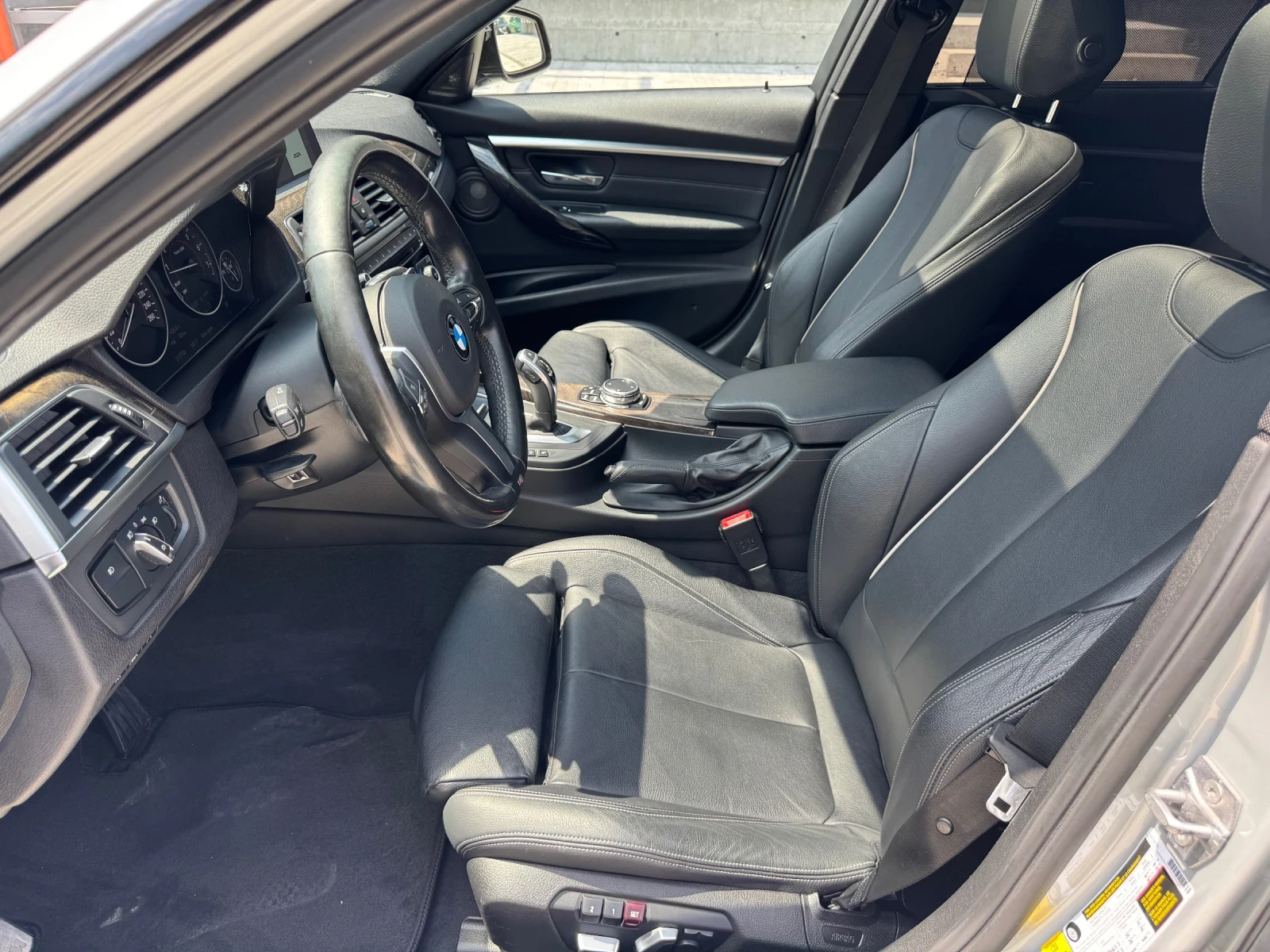 BMW 340 xDrive, снимка 6 - Автомобили и джипове - 55245661
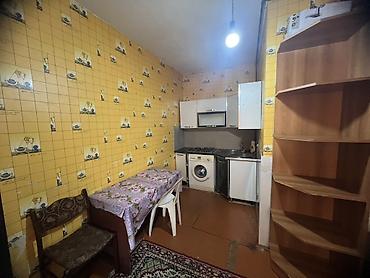 evler bine: Qaraçuxurda 1 otaqlı mənzil – tam təmirli. Kommunal xərclərindən su və — 3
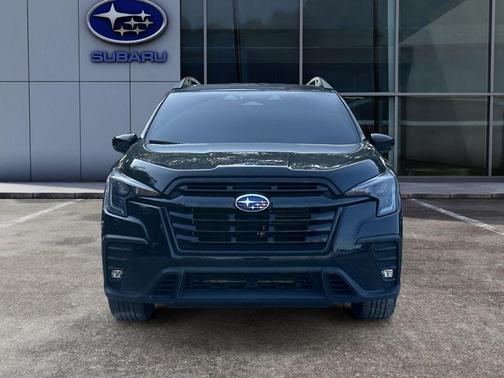 2024 Subaru Ascent Onyx Edition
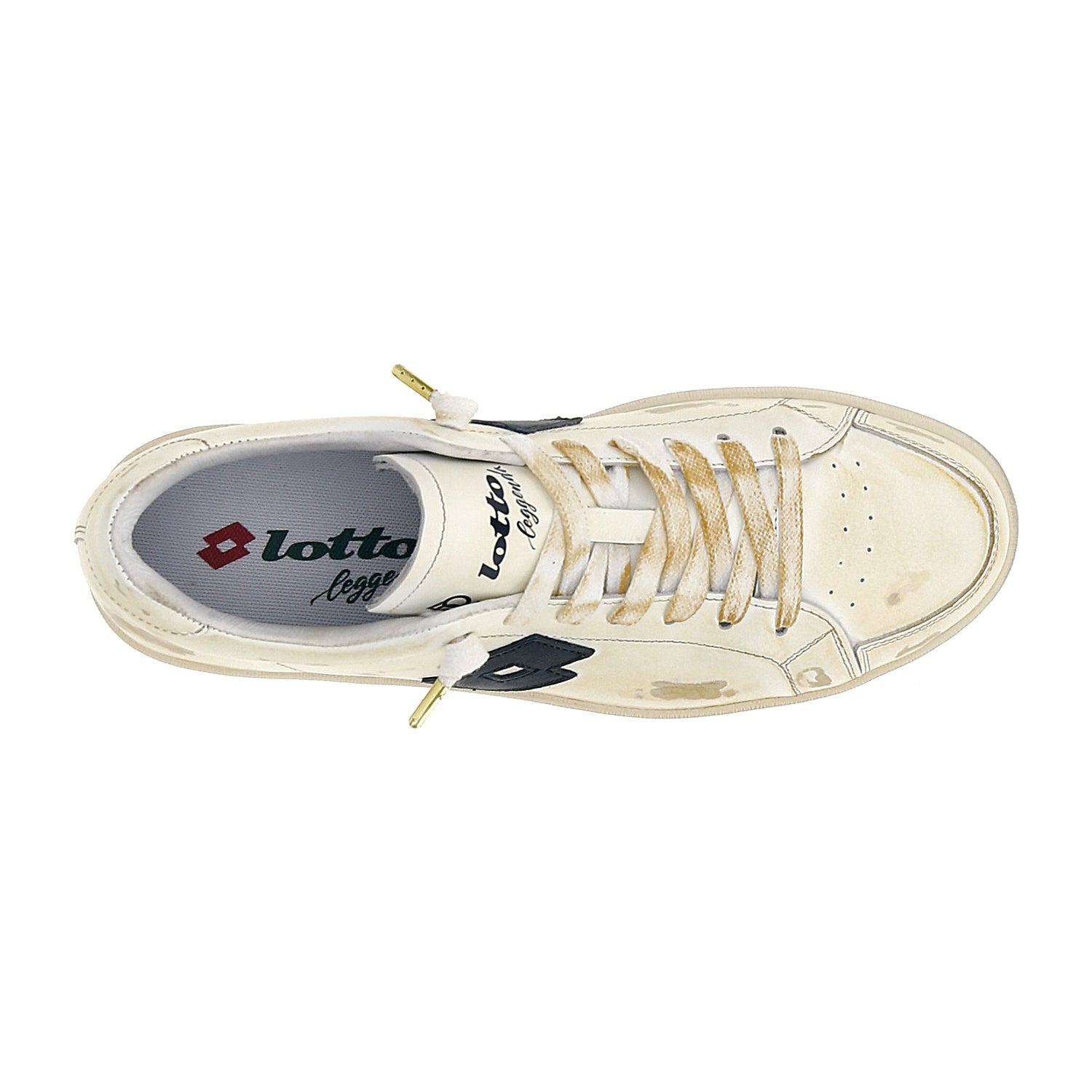 UOMO SCARPE AUTOGRAPH BIANCO 221035 10U 06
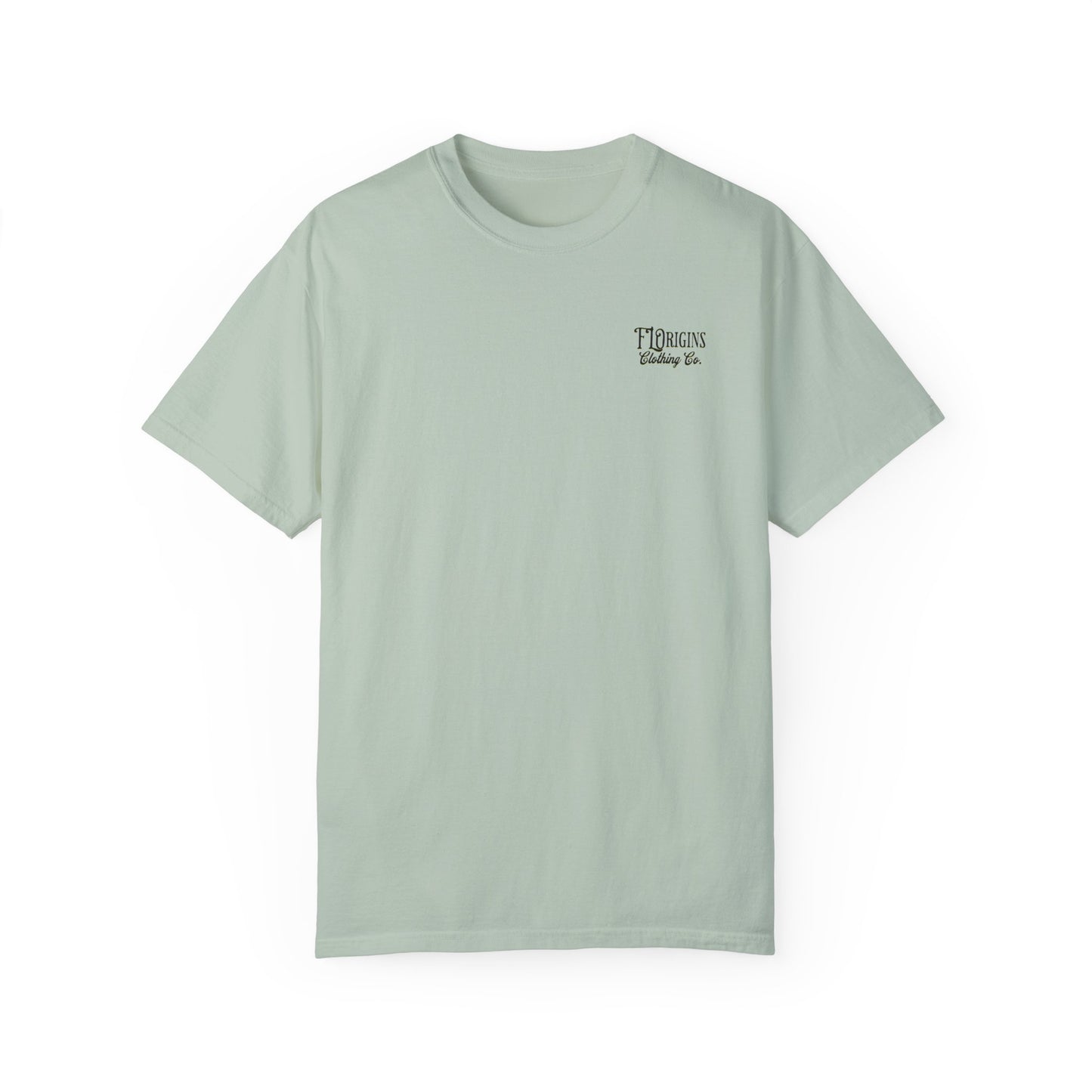Take Me Back to Old Florida Lightweight Tee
########
Task: Each line from the one with "UOMO SCARPE AUTOGRAPH BIANCO 221035 10U 06" to the last line of the listing should be returned exactly, both ends included, and no picture with them.

Output below:
 UOMO SCARPE AUTOGRAPH BIANCO 221035 10U 06
Take Me Back to Old Florida Lightweight Tee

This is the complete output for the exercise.